Coastal Vulnerability sea level rise information

I am been using coastal vulnerability model and have some question about the inclusion of sea level rise (slr) trends in the model.
I already have done some runs, and would like to include some sea level rise scenarios within my analysis. I am been using the RCP trends for sea level rise in my area of interest (e.g. 0.2m of project slr for the year 2065, equates to 10 mm/year to the 20 year period studied).
The problem I have is that running with the slr information, the vulnerability index is lower when comparing with the run without slr information, without changing anything else!

As my understanding the vulnerability index would be higher, given that the exposure equation is a sum of the different ranks, but I didn’t find any place where to rank slr, only to include the projected trend (mm/year) within the shapefile, as referred in the manual.
Where I could making some mistake? I already have a shapefile with trend column, but nowhere to rank this input.

Thank you for helping!

Hi Jacinto, thanks for posting. Dealing with SLR can be tricky in this model, as it tends to be somewhat different than the other variables. The interesting variation of SLR is usually the variation over time (across scenarios) as opposed to variation across space (within one scenario). Most of the other variables, and the model as a whole, are designed to show relative differences across space.

The model handles the ranking of the SLR values in a similar way that it ranks other continuous variables, such as relief or surge potential (see Table 4.1 of the User’s Guide and How it Works: Sea level change). That may not be useful at all if your entire area of interest is subject to the same SLR trend. If the trend varies across space in your AOI, then it might be useful.

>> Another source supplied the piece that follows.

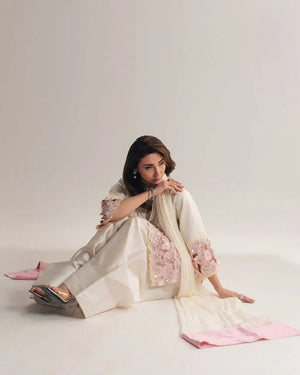 Elegant Crepe Silk Kurta Set with Handwork Lace for Festive and Occasion Wear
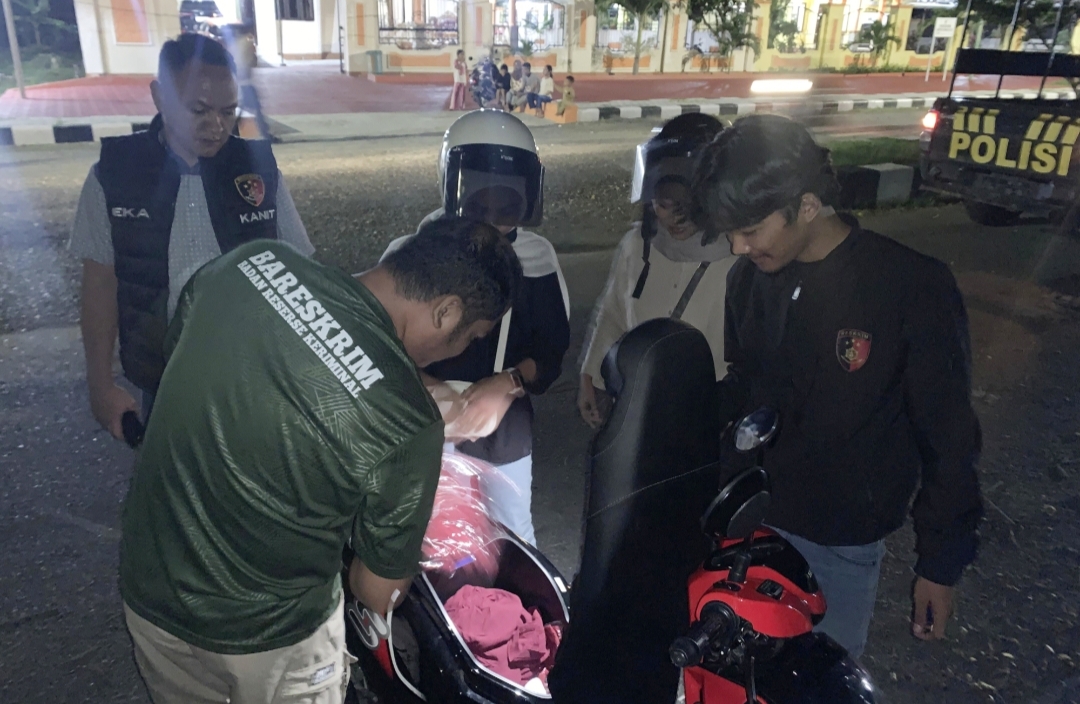 Patroli dialogis memberikan himbauan kepada masyarakat khususnya para muda mudi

So, if you wish to compare SLR scenarios where the SLR trend for the whole region changes from one scenario to another, you might do this calculation manually after running the model. For example, you could open the coastal_exposure.csv output and create a new R_slr column with rank values of 3 for a baseline run, and then a column with ranks of 4 or 5 for a scenario. And you could use all the columns prefixed with R_, to re-calculate the exposure index using equation #1 in the user’s guide.

Finally, the exposure equation is a a geometric mean, rather than a sum, so adding another variable to the equation will not necessarily yield a larger exposure value.


Thank you very much for your input, Dave. It was really helpful.
It is true that for my study region I just have overall trends for each given scenarios and not differences within scenarios between different area. I was thinking of doing that if nothing else worked, and yeah, I forgot about the mean in the equation :slight_smile:

Thank you again, Dave!

Hi all,
I found this thread to be very helpful, as I had exactly the same problem and now I have a way forward, thank you.

I was wondering, tho, @dave, when you said to use rank 3 for baseline runs and ranks 4 or 5 for a climate change scenario, did you actually recommend to rank baseline as 3 because it is the medium value or was just a hypothetical?

I want to run the model for current and future climates under 3 SSPs scenarios (say for 2050 and 2100 for example), so I thought to calculate the rankings same as the other variables: divided in percentiles. So I would get current sea-level rise values and all three SSPs sea-level rise predictions and use these values to obtain the percentiled rankings (for each of time frames). By doing so the current sea-level rise would become a rank of 1 because it is the lowest.

However, should we maybe consider 0 mm/years of sea-level as the first value on the rank? Assuming the lowest exposure would be absence of sea-level rise. I know in the model the percentiles are calculated only within the range of appeared values, however since sea-level is a post-model estressor there is this possibility. If so, current sea-levels wouldn’t be ranked as 1 anymore, but would be somewhere in the middle closer to future scenarios.

Does anyone have any input on how to go about that?
Thank you,


Great to hear!

I suggested it because it was the middle value, but that was a very simple and arbitrary suggestion. I think your other ideas are great improvements on this.

This makes sense and sounds very defensible. Then your scenario results would framed as “risk from future increased rates of sea-level-rise”.

Technically there are places in the world where relative sea-level is dropping as land is uplifting, so in that sense 0 mm of SLR would not represent the lowest possible exposure. That might not be relevant for your study area, but I think it makes the point that what matters more are the rates of SLR actually represented in your study area and in your scenarios.

In that context your first idea of calculating ranks based on percentiles of the observed values makes the most sense, I think. If you wanted to, you could also include scenario where there is 0 mm of SLR. It wouldn’t be a realistic future scenario, but it could be useful to illustrate the point that the current rate of SLR is already creating some amount of vulnerability.